**Data provided:**
◇ ◇ ◇ ◇ ◇

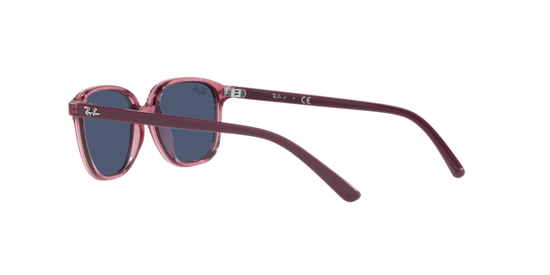 Ray-Ban Junior Leonard RJ9093S 711280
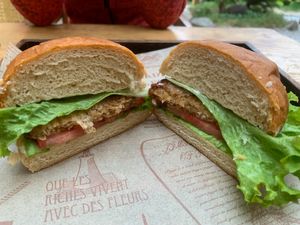  at Shanyuan Bencao Shiliao Teahouse in Dali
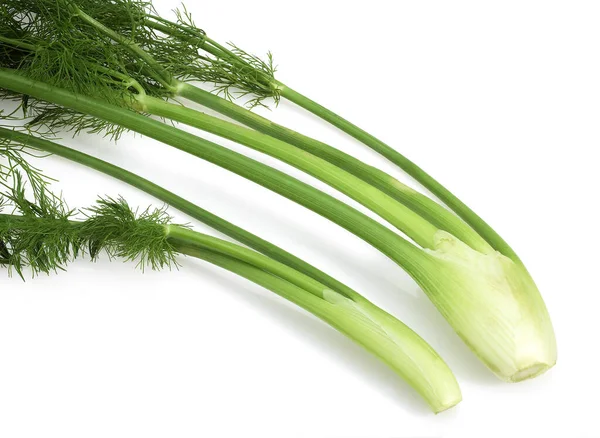 Little Fennel Foeniculum Vulgare Vegetables White Background — Stock Photo, Image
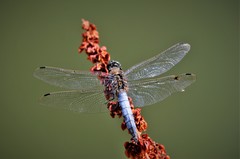 Orthetrum cancellatum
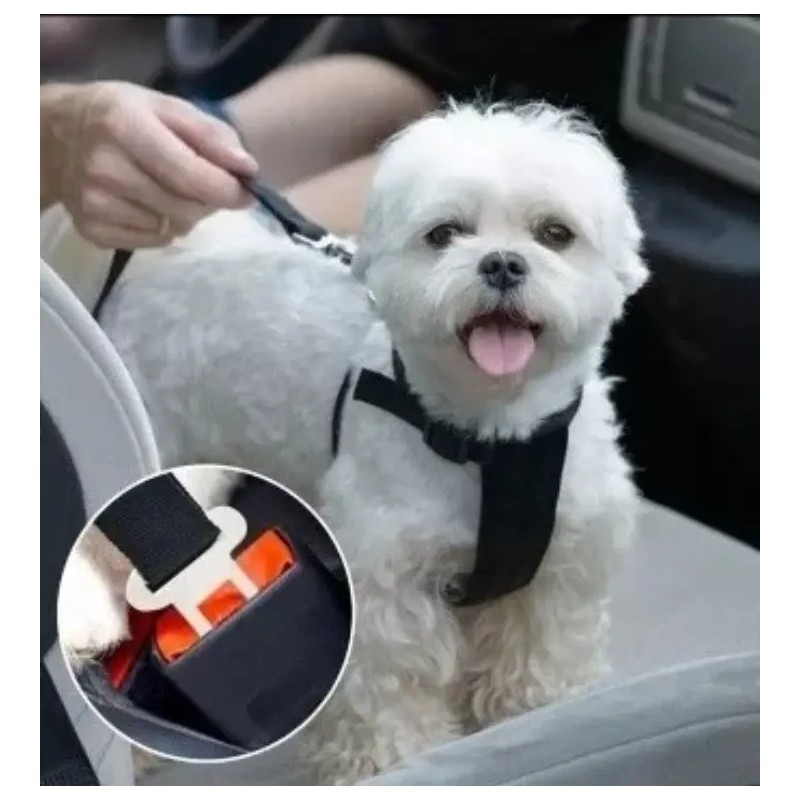 Correa O Cinturon De Seguridad Para Perro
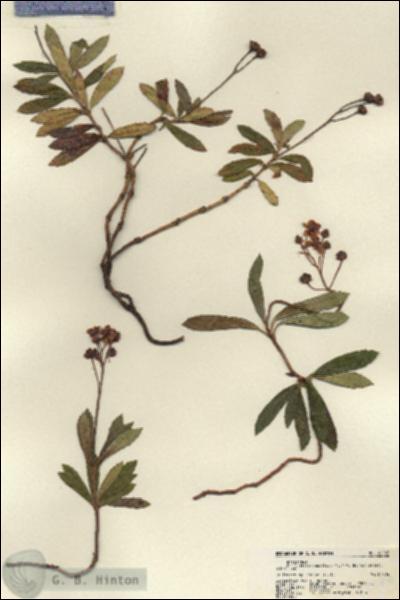 URN_catalog_HBHinton_herbarium_22287.jpg.jpg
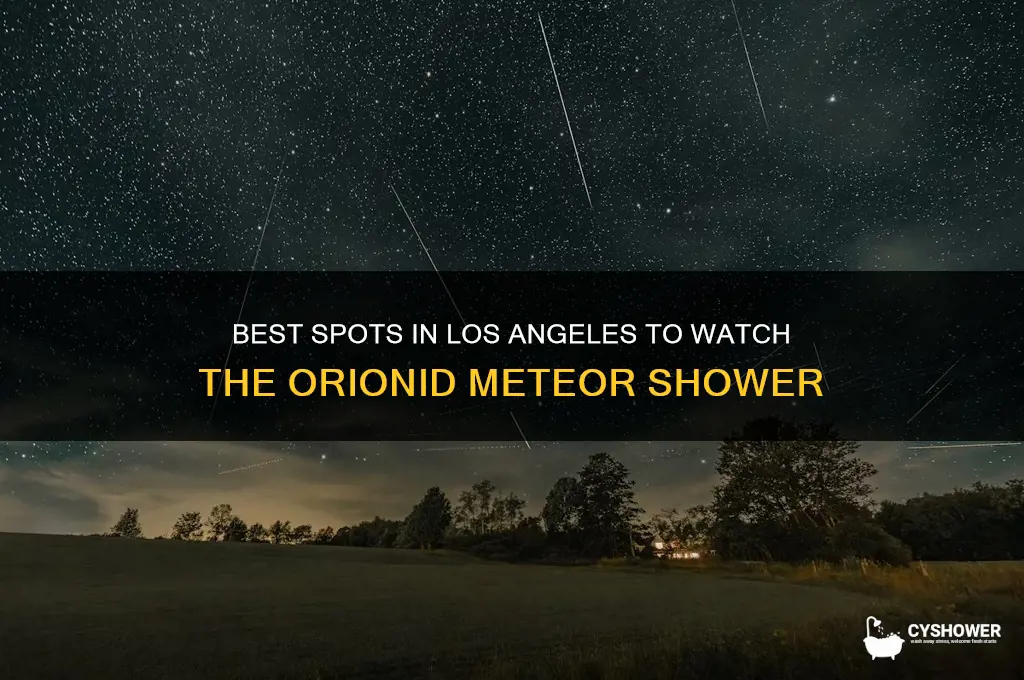 where to watch orionid meteor shower in los angeles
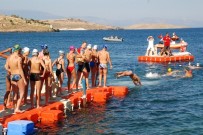 TÜRKİYE YÜZME FEDERASYONU - Türkiye Açık Su Yüzme Şampiyonası Foça'da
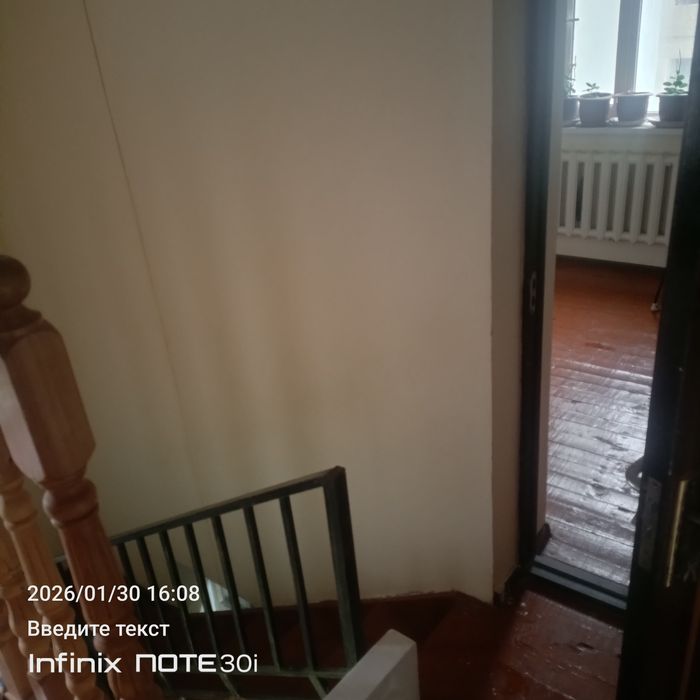 Мой жой срочне сотлад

◇ ◇ ◇ ◇ ◇

**What is required:** Reproduce the listing exactly. The pictures are to be omitted.

**Response for this exercise:**
 Ray-Ban Junior Leonard RJ9093S 711280
  at Shanyuan Bencao Shiliao Teahouse in Dali
 Little Fennel Foeniculum Vulgare Vegetables White Background — Stock Photo, Image
 Orthetrum cancellatum
 Correa O Cinturon De Seguridad Para Perro
 URN_catalog_HBHinton_herbarium_22287.jpg.jpg
 where to watch orionid meteor shower in los angeles
 TÜRKİYE YÜZME FEDERASYONU - Türkiye Açık Su Yüzme Şampiyonası Foça'da
 Мой жой срочне сотлад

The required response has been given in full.